Issue No. 03 - March (2017 vol. 39)
Jimei Yang , Adobe Research, San Jose, CA
Ming-Hsuan Yang , School of Engineering, University of California, Merced, CA
Top-down visual saliency is an important module of visual attention. In this work, we propose a novel top-down saliency model that jointly learns a Conditional Random Field (CRF) and a visual dictionary. The proposed model incorporates a layered structure from top to bottom: CRF, sparse coding and image patches. With sparse coding as an intermediate layer, CRF is learned in a feature-adaptive manner; meanwhile with CRF as the output layer, the dictionary is learned under structured supervision.
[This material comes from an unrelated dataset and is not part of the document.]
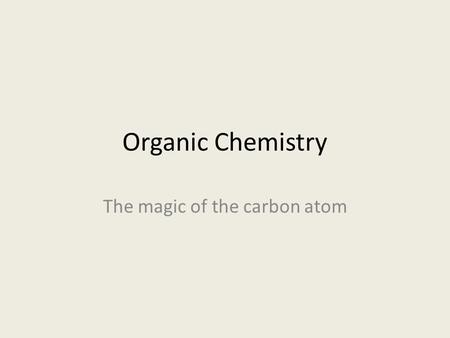 Organic Chemistry The magic of the carbon atom. Organic Chemistry Objectives Bonding of the carbon atom.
For efficient and effective joint learning, we develop a max-margin approach via a stochastic gradient descent algorithm. Experimental results on the Graz-02 and PASCAL VOC datasets show that our model performs favorably against state-of-the-art top-down saliency methods for target object localization. In addition, the dictionary update significantly improves the performance of our model. We demonstrate the merits of the proposed top-down saliency model by applying it to prioritizing object proposals for detection and predicting human fixations.
Visualization, Predictive models, Dictionaries, Computational modeling, Context, Context modeling, Prediction algorithms
J. Yang and M. Yang, "Top-Down Visual Saliency via Joint CRF and Dictionary Learning," in IEEE Transactions on Pattern Analysis & Machine Intelligence, vol. 39, no. 3, pp. 576-588, 2017.